When it tests this new offering in a few stores in California, Whole Foods will join a handful of grocery stores around the country that have started experimenting with selling produce that looks — there’s no way of getting around it — pretty gnarly.
Before ugly produce campaigns took hold, fruits and vegetables deemed too aesthetically unappealing to grace grocery store shelves often got plowed under, donated (with no profit for the farmers), or, worse, sent to landfills. According to the Natural Resources Defense Council, nearly 20 percent of fresh produce every year goes to waste.

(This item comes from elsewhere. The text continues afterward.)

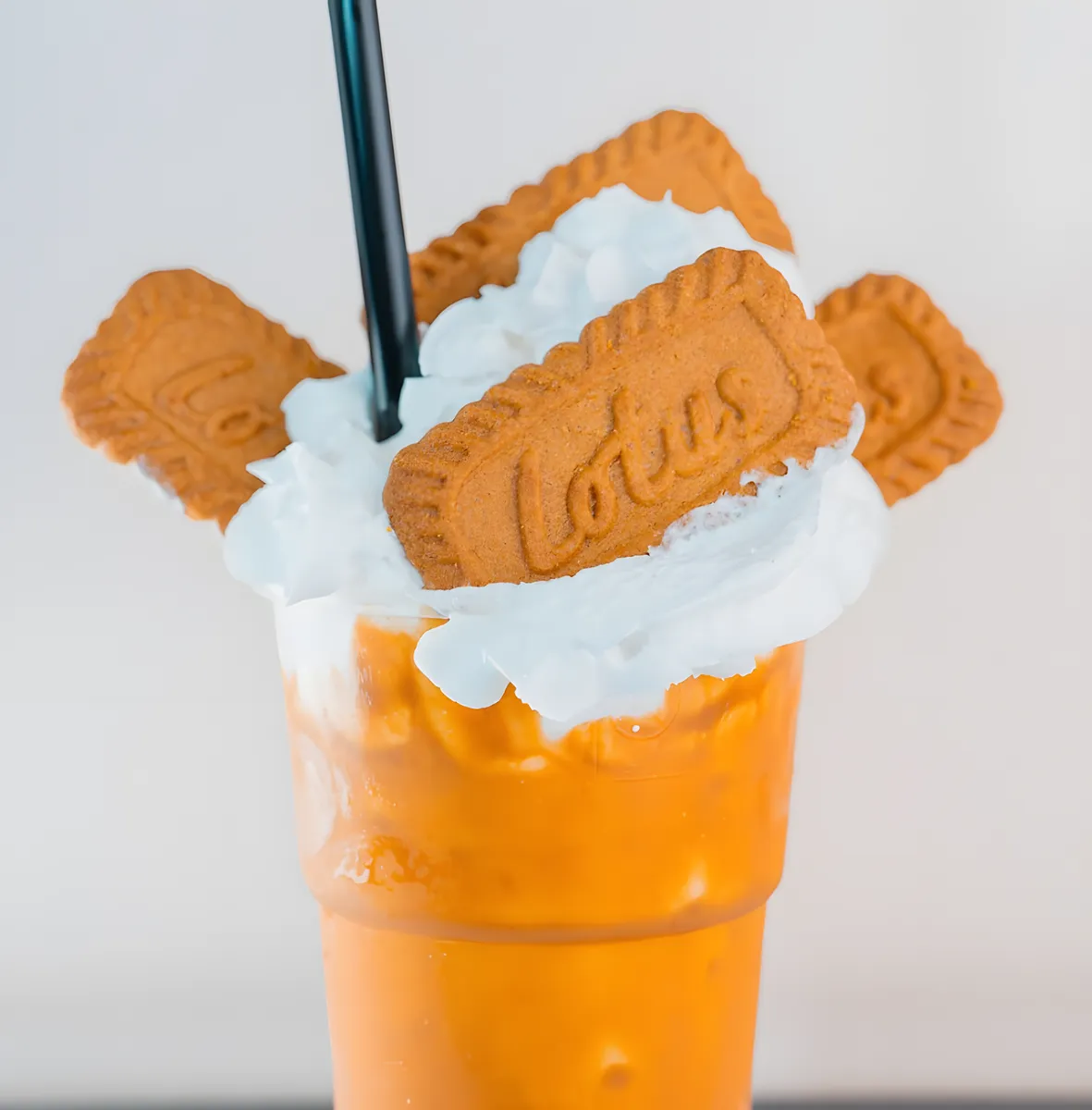 Milkshake Lotus con panna e biscotti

But this produce is no less tasty or nutritious than what’s offered in stores; it’s just cosmetically challenged. Now grocery stores are finding that customers are eager to buy the misshapen fruits and vegetables — if they’re sold at a discount. In Pittsburgh, for example, the local grocery chain Giant Eagle found success with its "produce with personality" campaign.
Whole Foods wants to recreate that magic. With the help of an Oakland food waste startup called Imperfect Produce, it's piloting an ugly produce program in a handful of San Francisco–area stores.

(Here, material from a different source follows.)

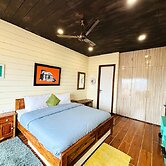 The Ridge House - A Villa Community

That got me wondering: How, exactly, do you market food that looks pretty unappetizing? To find out, I chatted with the founder of Imperfect Produce, Ben Simon.
A lightly edited transcript of our conversation follows:
Michelle Hackman: What inspired you to help reduce food waste in the US?
Ben Simon: My background is in food waste entrepreneurship. About four years ago, when I was a student at the University of Maryland College Park, my friends and I saw good food going to waste from the campus dining halls, and set up a program called Food Recovery Network to recover the food to local homeless shelters. We called our friends around the country to spread the idea, and a few years later it is now at 179 colleges and has donated well over a million pounds of food.
MH: Were there other people realizing the same thing?
BS: Yes. At the same time, entrepreneurs in other countries around the world were having similar ideas, and the term "ugly produce" was just starting to come into existence in the food waste circles I was running in. I had the idea to create an uplifting and attention-grabbing brand that would own these cosmetic challenges loud and proud in a positive way, not shy away from them.
MH: What used to happen to the misshapen fruits and vegetables Imperfect now sells?
BS: It depends on the particular crop. On the organic side, we source from smaller farms where there is no processor market. So if it weren't for Imperfect, it would go to landfill, compost, or animal feed. For conventional cauliflower, broccoli, celery, and leafy greens, as much as 50 percent of the produce is simply passed over during harvesting due to cosmetic challenges and then tilled back under.
Other conventional items packed in facilities will be shipped away to the landfill, compost, animal feed, or processors. Processors still aren't ideal, because the grower is forced to sell it below cost and often there is no guarantee they can find a buyer, so a lot of it is still wasted.
MH: The whole problem with ugly produce is that it’s pretty visually unappealing. How do you market it?
BS: We often take pictures of what we call our "ugly produce celebrities" and post them online with funny captions. The box that the produce comes in each week for our produce delivery subscription in the Bay has a picture of two carrots that have naturally fused together as one with the caption, "We grew up together." Our bumper stickers are a picture of a misshapen red bell pepper that looks like a scrunched-up face with the caption, "Bite me." Our customers send us their own pictures and puns too. We try to have fun with it.
MH: How do people react to the use of the word "ugly"?
BS: People are looking at the produce in a whole new way. They're no longer seeing this as flawed or worse just because it looks a little different. Our goal is to get people to empathize with the produce. I think every man and woman in America has at some point in their life been called ugly or made to be self-conscious about their appearance. Taking claim to the word "ugly" in a fun way is meant to grab attention and help fit the bizarre struggle that the produce is going through into a frame we can all understand and chuckle at.